>>>>
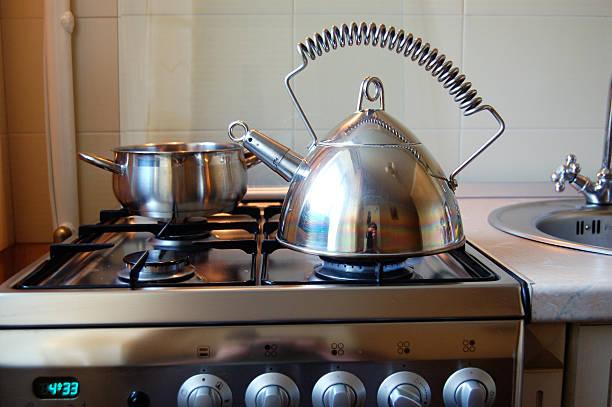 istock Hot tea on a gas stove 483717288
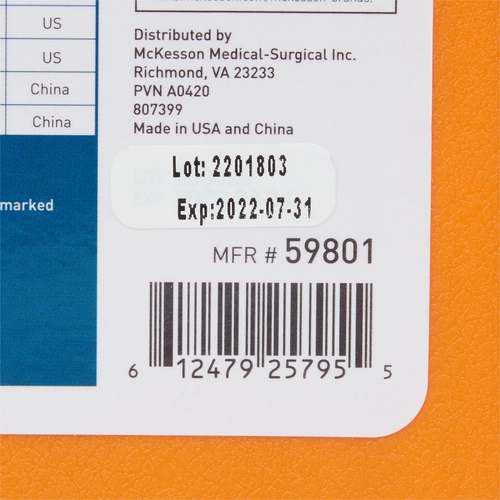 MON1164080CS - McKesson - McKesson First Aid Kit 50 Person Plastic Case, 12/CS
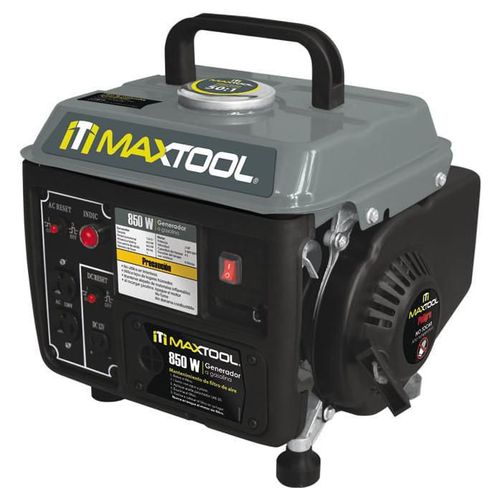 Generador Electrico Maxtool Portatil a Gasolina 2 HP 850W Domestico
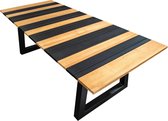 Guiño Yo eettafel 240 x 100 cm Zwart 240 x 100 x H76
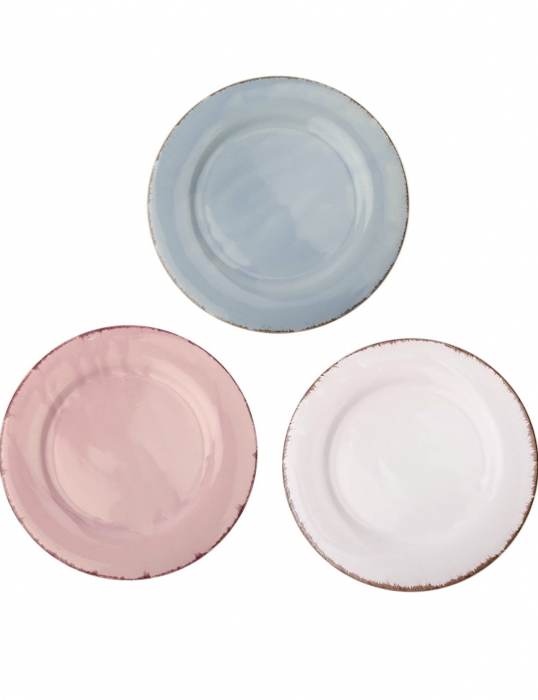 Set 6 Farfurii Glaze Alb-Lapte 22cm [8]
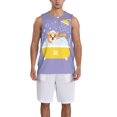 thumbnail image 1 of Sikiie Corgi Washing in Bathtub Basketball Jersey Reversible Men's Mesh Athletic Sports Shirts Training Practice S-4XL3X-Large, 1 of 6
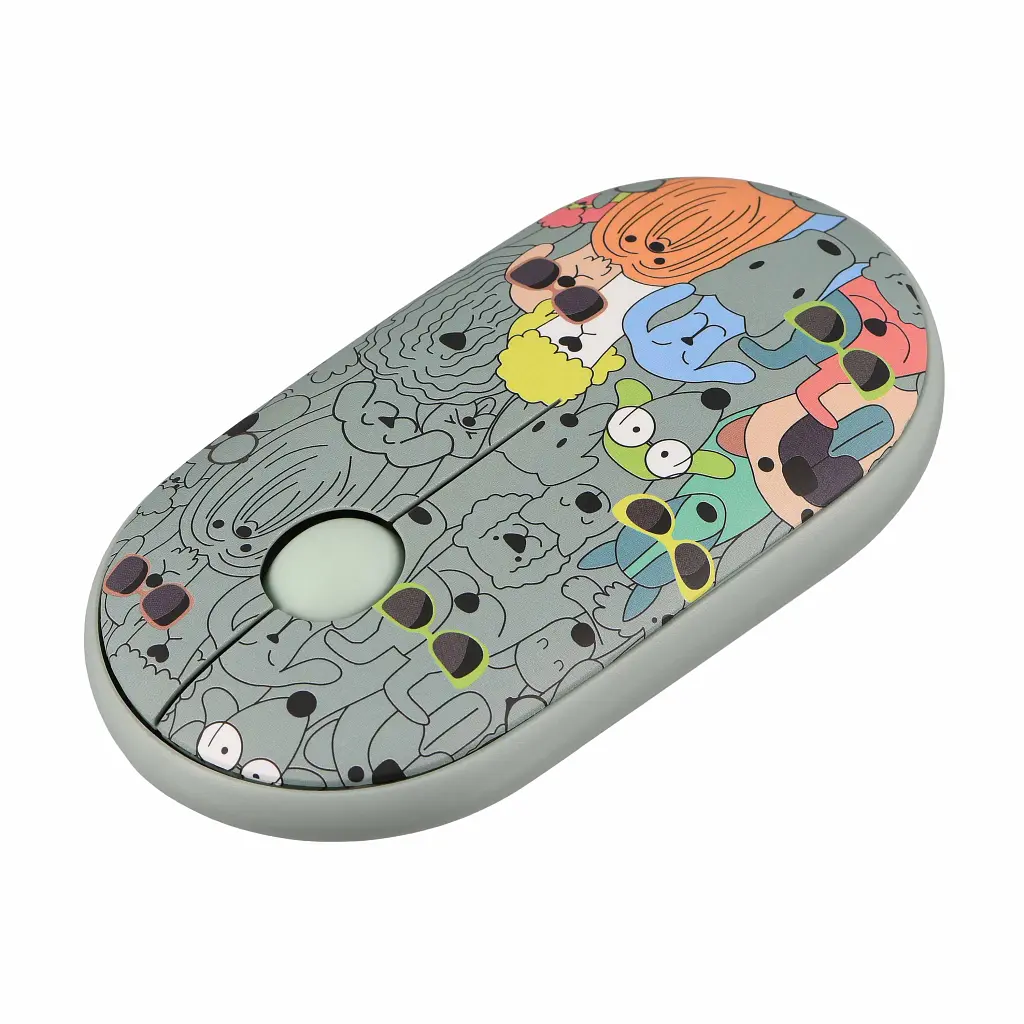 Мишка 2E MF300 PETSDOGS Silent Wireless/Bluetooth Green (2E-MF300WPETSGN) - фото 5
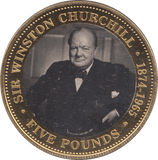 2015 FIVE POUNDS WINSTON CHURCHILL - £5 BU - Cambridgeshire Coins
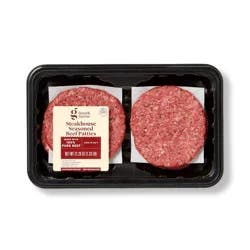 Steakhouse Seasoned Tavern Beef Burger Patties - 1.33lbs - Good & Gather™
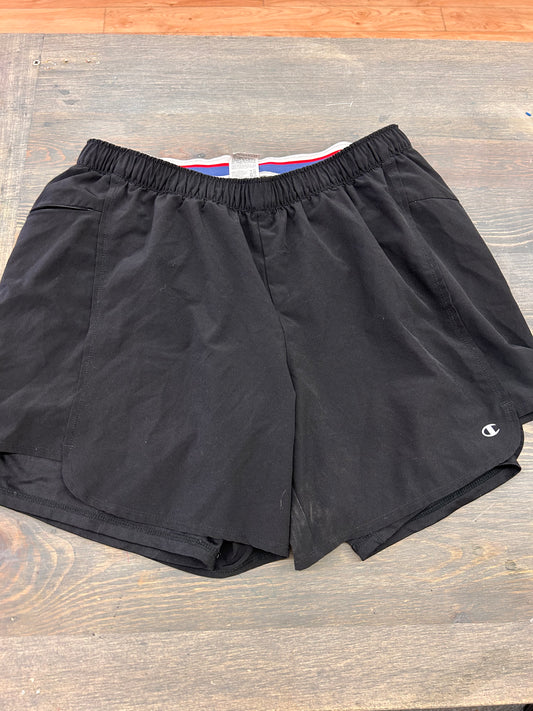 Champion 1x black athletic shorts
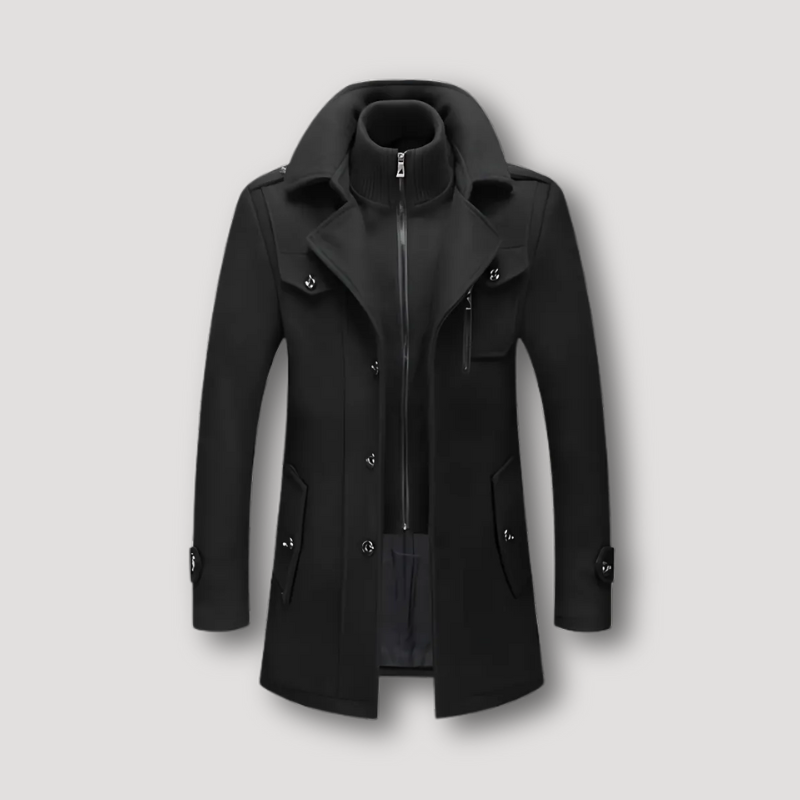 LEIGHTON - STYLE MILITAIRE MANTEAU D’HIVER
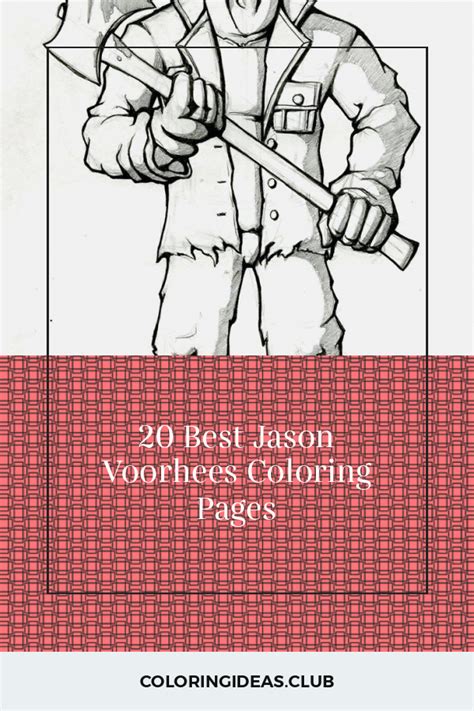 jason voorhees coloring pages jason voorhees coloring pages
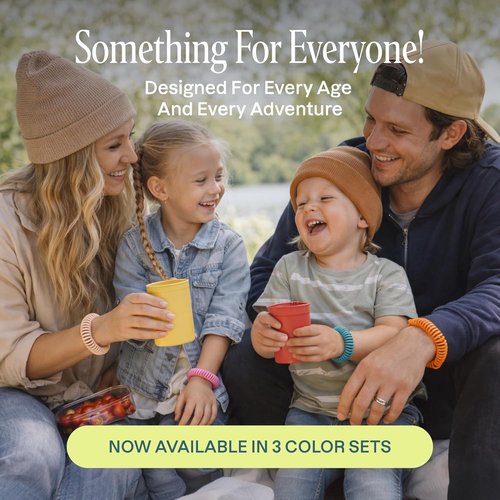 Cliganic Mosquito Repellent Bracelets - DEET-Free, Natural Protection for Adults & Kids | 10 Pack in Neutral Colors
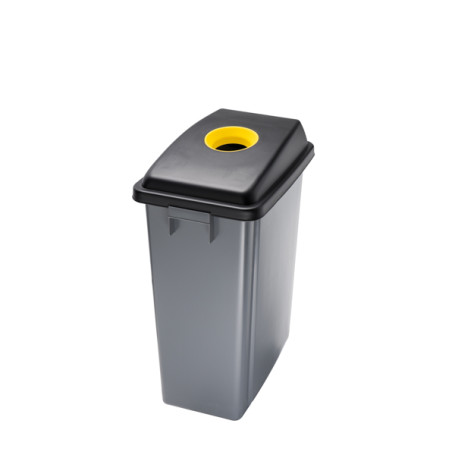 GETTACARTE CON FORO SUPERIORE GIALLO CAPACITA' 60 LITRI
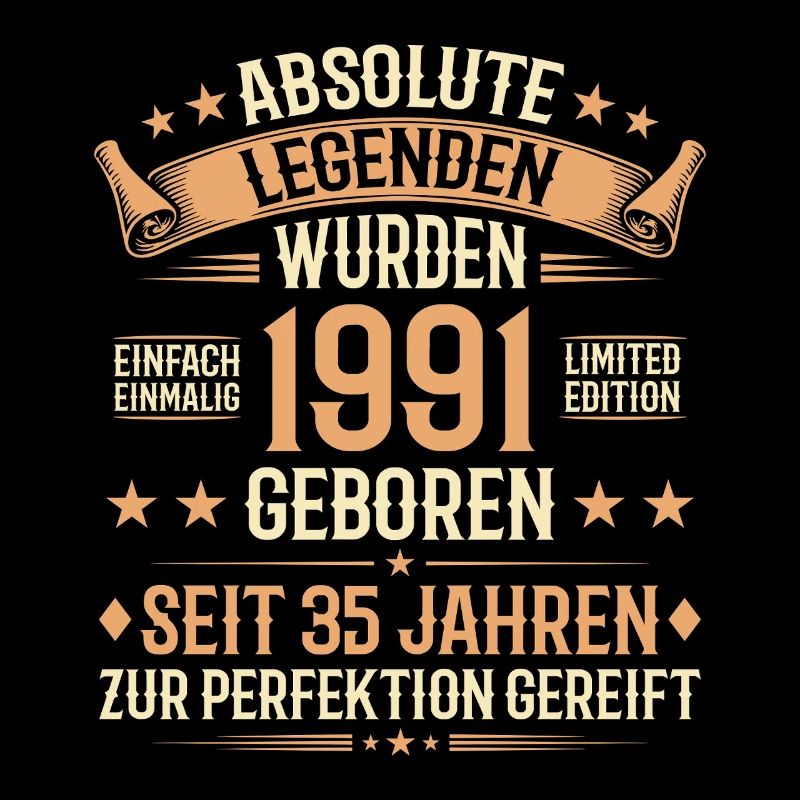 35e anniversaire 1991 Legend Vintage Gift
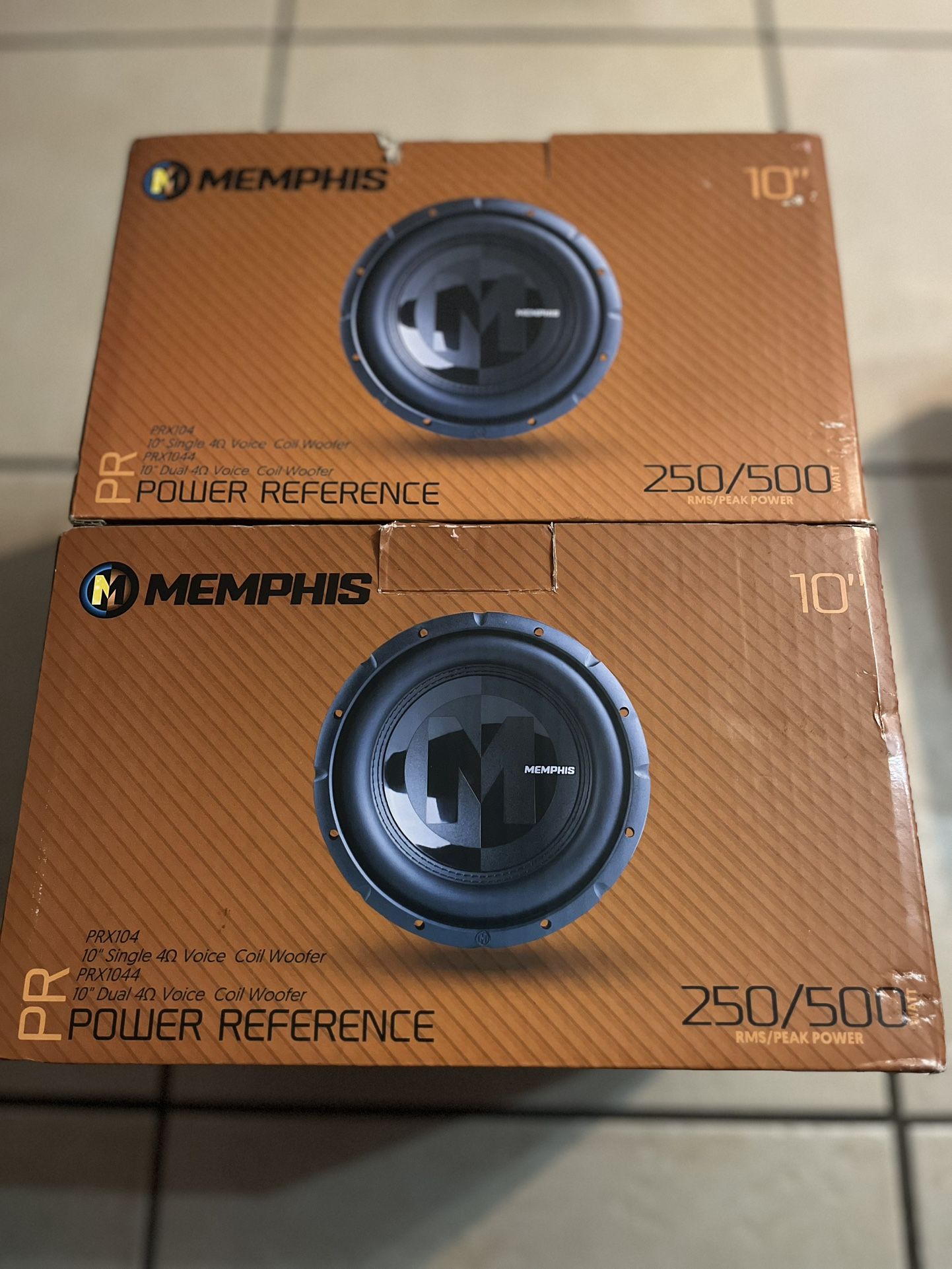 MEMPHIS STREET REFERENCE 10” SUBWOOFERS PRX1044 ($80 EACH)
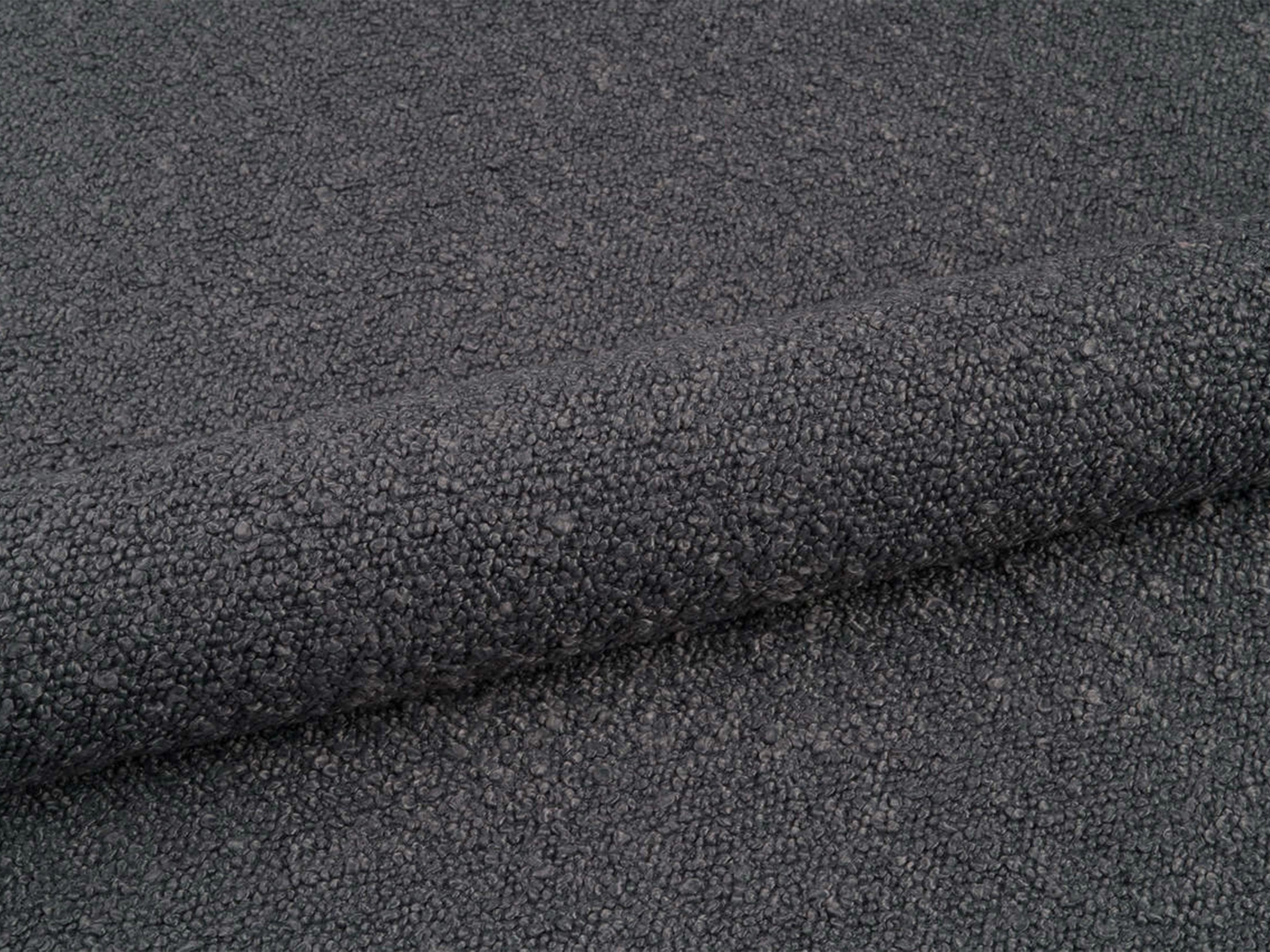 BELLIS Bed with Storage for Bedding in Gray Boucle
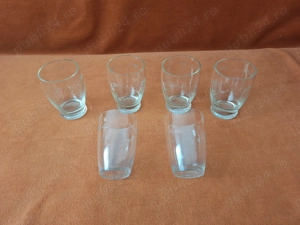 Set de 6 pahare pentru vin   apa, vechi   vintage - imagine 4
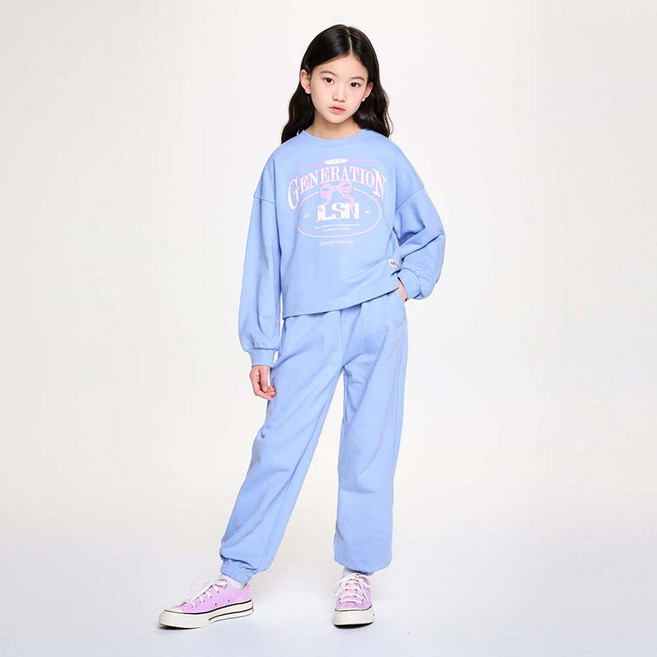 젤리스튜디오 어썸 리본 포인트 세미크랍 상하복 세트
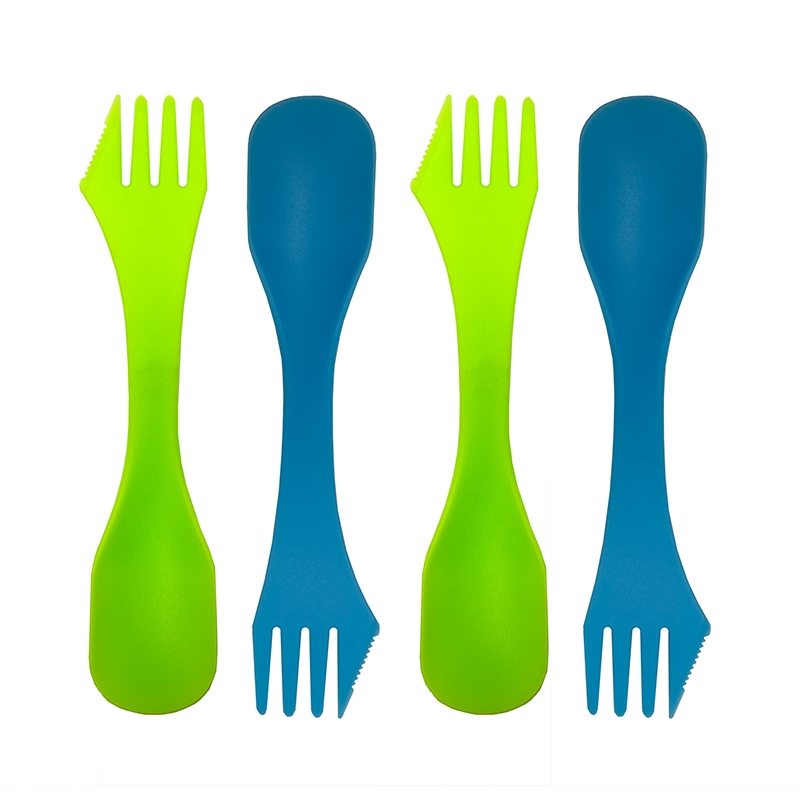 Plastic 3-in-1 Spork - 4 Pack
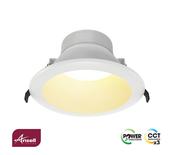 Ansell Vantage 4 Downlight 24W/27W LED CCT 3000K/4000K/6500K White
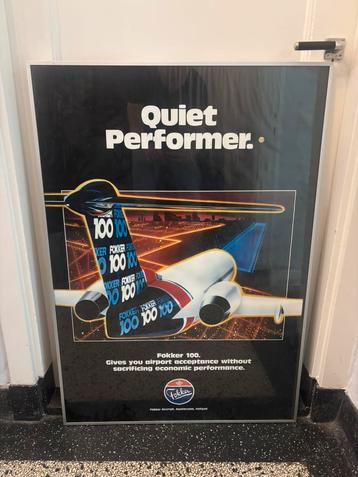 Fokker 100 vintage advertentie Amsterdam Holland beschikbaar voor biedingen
<<<<
The line holding "Set 6 Farfurii Glaze Alb-Lapte 22cm [8]" starts the copy and the line holding "2015 FIVE POUNDS" ends it. Repeat those two lines above and all between them exactly, leaving out pictures.

 Set 6 Farfurii Glaze Alb-Lapte 22cm [8]
 thumbnail image 1 of Sikiie Corgi Washing in Bathtub Basketball Jersey Reversible Men's Mesh Athletic Sports Shirts Training Practice S-4XL3X-Large, 1 of 6
 Мишка 2E MF300 PETSDOGS Silent Wireless/Bluetooth Green (2E-MF300WPETSGN) - фото 5
 2015 FIVE POUNDS WINSTON CHURCHILL - £5 BU - Cambridgeshire Coins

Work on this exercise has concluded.